Eine im Herbst vergangenen Jahres im Fachjournal „New England Journal of Medicine“ veröffentlichte internationale Studie mit 700 Teilnehmern, die in Zusammenarbeit mit dem Universitätsklinikum Frankfurt durchgeführt wurde, bestätigte, dass das Nasenspray zusammen mit anderen Medikamenten auch in besonders schweren Fällen wirken kann.
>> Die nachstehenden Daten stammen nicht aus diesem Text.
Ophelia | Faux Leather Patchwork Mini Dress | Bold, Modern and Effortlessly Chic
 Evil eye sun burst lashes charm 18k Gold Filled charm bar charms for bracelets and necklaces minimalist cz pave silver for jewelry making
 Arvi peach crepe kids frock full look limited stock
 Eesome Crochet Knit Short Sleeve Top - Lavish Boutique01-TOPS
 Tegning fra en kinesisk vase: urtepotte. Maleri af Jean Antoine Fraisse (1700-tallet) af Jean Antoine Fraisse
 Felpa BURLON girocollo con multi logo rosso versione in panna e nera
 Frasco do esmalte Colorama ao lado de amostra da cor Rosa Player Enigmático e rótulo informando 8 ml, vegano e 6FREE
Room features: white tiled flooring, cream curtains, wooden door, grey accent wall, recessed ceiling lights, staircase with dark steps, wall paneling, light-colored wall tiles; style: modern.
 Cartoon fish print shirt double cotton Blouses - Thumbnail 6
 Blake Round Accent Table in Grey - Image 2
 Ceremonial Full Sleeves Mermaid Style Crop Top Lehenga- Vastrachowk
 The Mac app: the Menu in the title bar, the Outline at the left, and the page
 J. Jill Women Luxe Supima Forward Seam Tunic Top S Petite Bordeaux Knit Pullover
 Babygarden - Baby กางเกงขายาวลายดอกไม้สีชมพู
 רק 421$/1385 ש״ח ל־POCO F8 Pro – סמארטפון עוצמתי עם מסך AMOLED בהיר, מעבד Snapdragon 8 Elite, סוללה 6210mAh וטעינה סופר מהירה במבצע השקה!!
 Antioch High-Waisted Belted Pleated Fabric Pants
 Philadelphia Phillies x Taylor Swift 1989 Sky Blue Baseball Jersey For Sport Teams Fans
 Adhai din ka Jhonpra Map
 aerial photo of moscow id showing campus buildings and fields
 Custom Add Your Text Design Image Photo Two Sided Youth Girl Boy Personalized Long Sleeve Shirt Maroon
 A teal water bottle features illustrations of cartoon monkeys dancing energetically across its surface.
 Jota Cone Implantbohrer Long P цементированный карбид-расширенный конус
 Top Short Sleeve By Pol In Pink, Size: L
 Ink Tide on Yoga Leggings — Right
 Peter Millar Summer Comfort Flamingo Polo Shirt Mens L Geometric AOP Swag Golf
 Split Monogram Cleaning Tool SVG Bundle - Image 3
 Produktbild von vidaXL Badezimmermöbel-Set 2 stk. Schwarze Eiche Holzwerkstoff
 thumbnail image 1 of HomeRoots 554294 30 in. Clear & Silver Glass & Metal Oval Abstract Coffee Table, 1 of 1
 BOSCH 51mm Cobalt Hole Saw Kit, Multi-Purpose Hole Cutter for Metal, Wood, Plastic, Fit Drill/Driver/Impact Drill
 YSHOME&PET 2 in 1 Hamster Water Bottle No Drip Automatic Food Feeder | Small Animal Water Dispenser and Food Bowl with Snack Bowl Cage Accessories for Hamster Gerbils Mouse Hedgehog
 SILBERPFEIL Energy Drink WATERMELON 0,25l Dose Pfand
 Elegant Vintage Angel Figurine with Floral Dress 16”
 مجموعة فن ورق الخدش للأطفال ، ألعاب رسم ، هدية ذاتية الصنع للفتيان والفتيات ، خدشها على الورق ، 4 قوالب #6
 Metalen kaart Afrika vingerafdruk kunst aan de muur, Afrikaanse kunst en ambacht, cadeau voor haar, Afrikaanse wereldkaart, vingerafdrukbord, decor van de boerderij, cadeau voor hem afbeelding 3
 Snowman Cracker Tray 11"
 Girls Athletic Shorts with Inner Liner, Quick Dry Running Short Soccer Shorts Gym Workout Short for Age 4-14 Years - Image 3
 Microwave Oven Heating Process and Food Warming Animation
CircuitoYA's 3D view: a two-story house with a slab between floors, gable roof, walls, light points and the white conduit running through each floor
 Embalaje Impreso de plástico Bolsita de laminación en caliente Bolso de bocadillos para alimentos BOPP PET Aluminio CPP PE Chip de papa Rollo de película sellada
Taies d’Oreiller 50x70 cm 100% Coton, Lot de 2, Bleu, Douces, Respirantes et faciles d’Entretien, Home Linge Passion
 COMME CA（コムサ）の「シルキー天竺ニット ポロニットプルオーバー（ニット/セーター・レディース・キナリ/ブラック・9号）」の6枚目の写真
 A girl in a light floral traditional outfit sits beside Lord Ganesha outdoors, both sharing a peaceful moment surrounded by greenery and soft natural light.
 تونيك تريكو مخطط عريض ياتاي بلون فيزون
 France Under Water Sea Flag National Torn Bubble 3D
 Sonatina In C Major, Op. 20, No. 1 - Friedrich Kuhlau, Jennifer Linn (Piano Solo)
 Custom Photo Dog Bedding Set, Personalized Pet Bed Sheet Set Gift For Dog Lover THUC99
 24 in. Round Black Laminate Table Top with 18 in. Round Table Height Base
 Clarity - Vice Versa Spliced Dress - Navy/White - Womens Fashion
Verglichen wurde zum einen die Kombination von Esketamin mit Serotonin beziehungsweise Serotonin-Noradrenalin-Wiederaufnahmehemmern, zum anderen die Gabe von beiden Medikamenten zusammen mit Quetiapin, einem Antipsychotikum. Letztere Kombination wird in der Nationalen Versorgungsleitlinie für unipolare Depressionen empfohlen.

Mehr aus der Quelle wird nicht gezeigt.